[Opening EXERCISE DATA section]

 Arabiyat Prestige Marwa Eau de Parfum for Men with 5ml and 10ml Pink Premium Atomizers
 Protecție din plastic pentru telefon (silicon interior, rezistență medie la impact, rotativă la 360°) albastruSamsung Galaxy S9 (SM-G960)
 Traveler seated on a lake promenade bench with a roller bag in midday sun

[Closing EXERCISE DATA section]

> **PROBLEM DETAILS**
Produce verbatim the lines starting at the one with "Protecție din plastic" and ending at the last line of the material, both ends included. Add no other line.

> **PROBLEM SOLUTION**
 Protecție din plastic pentru telefon (silicon interior, rezistență medie la impact, rotativă la 360°) albastruSamsung Galaxy S9 (SM-G960)
 Traveler seated on a lake promenade bench with a roller bag in midday sun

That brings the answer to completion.